Çocukluk çok güzel, çaresiz... Zayıfsın, bilincin yerine oturmamış. Güçsüz bedenini ve oluşmakta olan kişiliğini koruyacaksın... Acımasızsın... Her yaptığında haklısın, öyle sanıyorsun... Yaşlılıkta... Doğru olmadığını görüyorsun... Artık çok uzaklardalar... Yine çaresizsin... İçinden bir ses öneriyor: "Şimdi bir şeyler yapabilirsin zamanında elini uzatamadıklarına!..."

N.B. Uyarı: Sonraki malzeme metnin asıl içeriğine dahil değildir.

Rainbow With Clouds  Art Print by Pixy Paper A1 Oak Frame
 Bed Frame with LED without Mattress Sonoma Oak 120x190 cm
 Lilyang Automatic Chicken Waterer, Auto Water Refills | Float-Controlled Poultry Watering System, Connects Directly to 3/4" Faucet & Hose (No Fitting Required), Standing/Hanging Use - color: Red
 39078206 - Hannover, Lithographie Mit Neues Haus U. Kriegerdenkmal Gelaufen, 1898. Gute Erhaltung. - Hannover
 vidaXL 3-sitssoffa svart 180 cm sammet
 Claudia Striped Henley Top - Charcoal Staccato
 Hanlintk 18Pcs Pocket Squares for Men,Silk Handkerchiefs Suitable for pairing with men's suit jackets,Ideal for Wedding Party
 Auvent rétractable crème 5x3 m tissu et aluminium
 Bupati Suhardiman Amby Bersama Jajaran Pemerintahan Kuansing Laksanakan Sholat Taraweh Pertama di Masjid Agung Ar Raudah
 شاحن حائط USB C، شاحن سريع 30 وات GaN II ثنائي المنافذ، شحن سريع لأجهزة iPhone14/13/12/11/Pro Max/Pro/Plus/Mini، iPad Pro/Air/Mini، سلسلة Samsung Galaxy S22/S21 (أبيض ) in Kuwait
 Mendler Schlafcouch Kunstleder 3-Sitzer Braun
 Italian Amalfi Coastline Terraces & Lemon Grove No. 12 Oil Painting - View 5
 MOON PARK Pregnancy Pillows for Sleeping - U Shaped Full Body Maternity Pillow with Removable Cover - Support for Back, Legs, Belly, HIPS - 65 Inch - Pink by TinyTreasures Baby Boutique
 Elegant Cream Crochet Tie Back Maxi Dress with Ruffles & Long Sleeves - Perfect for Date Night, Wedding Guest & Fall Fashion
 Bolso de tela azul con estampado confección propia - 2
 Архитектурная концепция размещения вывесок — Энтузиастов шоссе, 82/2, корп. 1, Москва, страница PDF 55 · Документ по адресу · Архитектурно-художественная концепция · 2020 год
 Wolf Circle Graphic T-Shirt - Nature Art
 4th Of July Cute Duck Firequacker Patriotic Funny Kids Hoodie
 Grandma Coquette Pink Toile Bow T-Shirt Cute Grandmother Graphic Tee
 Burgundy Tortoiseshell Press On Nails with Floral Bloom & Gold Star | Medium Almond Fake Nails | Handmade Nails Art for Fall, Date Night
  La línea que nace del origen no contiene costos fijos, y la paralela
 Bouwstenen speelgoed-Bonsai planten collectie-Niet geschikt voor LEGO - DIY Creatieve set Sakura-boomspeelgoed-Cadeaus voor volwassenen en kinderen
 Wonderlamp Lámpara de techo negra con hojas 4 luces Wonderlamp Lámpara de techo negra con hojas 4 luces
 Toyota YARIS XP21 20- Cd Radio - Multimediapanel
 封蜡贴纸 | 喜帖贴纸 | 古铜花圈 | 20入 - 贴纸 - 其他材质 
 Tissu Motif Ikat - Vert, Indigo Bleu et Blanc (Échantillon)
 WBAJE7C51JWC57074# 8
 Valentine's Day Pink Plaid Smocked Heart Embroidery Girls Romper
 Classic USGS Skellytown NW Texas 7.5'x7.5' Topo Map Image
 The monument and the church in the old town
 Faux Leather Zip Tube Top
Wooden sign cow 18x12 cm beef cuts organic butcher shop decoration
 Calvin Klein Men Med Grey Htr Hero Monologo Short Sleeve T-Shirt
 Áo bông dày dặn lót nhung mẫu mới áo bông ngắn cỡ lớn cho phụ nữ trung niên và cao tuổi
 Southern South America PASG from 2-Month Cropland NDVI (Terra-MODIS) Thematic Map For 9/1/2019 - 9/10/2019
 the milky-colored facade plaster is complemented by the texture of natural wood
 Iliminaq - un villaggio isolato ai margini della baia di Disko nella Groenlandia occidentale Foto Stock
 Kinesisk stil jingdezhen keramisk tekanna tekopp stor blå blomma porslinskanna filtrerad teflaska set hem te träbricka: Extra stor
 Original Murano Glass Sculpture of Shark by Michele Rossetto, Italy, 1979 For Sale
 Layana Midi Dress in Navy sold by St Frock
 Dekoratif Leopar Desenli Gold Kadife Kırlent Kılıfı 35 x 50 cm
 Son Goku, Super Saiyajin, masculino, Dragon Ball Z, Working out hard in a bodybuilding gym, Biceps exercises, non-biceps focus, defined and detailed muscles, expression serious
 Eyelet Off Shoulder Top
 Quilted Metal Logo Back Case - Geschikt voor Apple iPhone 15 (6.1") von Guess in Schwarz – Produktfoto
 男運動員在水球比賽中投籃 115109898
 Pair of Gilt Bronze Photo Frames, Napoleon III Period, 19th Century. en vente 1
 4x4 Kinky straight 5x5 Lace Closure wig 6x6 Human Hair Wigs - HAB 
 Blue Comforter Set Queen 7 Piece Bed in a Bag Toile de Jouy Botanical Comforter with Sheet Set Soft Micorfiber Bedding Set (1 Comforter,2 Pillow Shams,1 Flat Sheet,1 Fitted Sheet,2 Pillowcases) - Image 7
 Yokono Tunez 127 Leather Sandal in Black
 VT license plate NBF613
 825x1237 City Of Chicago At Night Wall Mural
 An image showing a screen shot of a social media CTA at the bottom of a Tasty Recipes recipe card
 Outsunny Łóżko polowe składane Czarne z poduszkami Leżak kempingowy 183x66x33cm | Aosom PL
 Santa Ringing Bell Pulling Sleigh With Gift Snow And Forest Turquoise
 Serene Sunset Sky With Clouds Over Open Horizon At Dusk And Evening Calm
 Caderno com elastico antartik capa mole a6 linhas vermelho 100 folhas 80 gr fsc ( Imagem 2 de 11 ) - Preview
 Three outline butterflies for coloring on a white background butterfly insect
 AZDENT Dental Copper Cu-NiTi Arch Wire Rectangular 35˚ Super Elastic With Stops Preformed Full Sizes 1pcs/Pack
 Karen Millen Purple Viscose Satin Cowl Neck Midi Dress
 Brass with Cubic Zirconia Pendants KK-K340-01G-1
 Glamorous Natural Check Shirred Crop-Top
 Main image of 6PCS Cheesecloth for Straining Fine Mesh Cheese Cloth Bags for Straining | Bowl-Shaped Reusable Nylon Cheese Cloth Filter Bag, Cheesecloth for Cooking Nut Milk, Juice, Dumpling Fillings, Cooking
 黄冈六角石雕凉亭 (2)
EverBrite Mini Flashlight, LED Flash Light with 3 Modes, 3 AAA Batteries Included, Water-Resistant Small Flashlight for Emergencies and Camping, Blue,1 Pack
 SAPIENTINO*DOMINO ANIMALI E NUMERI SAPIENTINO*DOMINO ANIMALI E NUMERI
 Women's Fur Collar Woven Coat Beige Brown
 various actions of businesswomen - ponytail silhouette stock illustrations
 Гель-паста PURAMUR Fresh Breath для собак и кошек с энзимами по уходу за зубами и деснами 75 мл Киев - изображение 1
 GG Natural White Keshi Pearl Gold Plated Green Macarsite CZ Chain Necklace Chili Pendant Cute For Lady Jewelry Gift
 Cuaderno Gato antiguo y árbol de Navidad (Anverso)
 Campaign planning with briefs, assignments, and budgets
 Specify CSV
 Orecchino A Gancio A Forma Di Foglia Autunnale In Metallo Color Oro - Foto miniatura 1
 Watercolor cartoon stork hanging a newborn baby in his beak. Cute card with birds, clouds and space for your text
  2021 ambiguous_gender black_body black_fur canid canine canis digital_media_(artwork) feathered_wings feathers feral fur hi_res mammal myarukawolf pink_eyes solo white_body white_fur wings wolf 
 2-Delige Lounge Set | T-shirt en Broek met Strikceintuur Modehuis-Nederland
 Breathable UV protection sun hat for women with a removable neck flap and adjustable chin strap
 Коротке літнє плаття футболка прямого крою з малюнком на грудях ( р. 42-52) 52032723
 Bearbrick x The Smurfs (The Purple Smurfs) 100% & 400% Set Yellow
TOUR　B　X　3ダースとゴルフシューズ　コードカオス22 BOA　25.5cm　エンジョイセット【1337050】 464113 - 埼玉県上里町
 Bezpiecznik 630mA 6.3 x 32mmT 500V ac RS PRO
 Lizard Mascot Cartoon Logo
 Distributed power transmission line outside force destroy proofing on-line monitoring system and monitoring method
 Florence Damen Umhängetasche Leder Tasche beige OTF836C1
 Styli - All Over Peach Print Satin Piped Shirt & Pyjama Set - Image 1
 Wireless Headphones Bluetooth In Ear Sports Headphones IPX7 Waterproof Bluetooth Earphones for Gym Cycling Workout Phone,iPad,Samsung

Yaşamın ağırlığıyla ezilen, horlanan, delirtilen kişilere
Borçlu olduğumun bilinci içinde,
‘’BUNLAR DA YAŞADILAR BU GÜZEL VE KİRLİ DÜNYADA.’’
Demek istiyorum....
DELİ SÜLEYMAN
Bizim mahallemizin delisiydi o.
Tekke mahallesi iki bölük
Bir yanda aleviler,
Diğer yanda Kırımdan gelmiş tatarlar…
Tekke içinden mezarlığa uzanan
İki sokak, üç sıra ev tatarlarındı
Deli Süleyman tatardı
Benim aklımın ermediği
Günlerde bir delisi daha varmış
Tatarların, Mustafa Akay…
Ben Deli Süleyman’ı tanıdım
O bazen akıllanırdı.
Delirince de çılgın…
Annemle evlerine gitmiştik bir kez
İki odalı çivit beyazı …
Tatar evleri tertemiz olur
Bahçelerinde çiçekler...
Deli Süleyman kapatılmıştı bir odaya
Bir de yatak…
Yerler ıslak, duvarlar pis
Kafese tıkılmış bir kaplan,
Soluk soluğa…
Korkuyla bakmıştım
Dışarıdan
Üzerine soğuk sular
Akıllansın diye dayak
Elleri bağlı…
Onu bir kez de Mehmet amcamın tarlasında
Hani şu morlu beyazlı haşhaş çiçekli
Haziran ayında…
Akşam üzeriydi, tarla nadasta
Mahallenin delikanlıları birikmiş
Deli Süleyman ortalarında
Delirmişti sataşmalardan,
Çocukları yakalamak için
Delice koşuyor, daireler çiziyordu
Peşlerinde…
Korkuyordum.
Yanlışlıkla beni yakalar mı diye
O günlerde kırk yaşlarında …
Kızı geldi
Çeke çeke götürdü Süleymanı…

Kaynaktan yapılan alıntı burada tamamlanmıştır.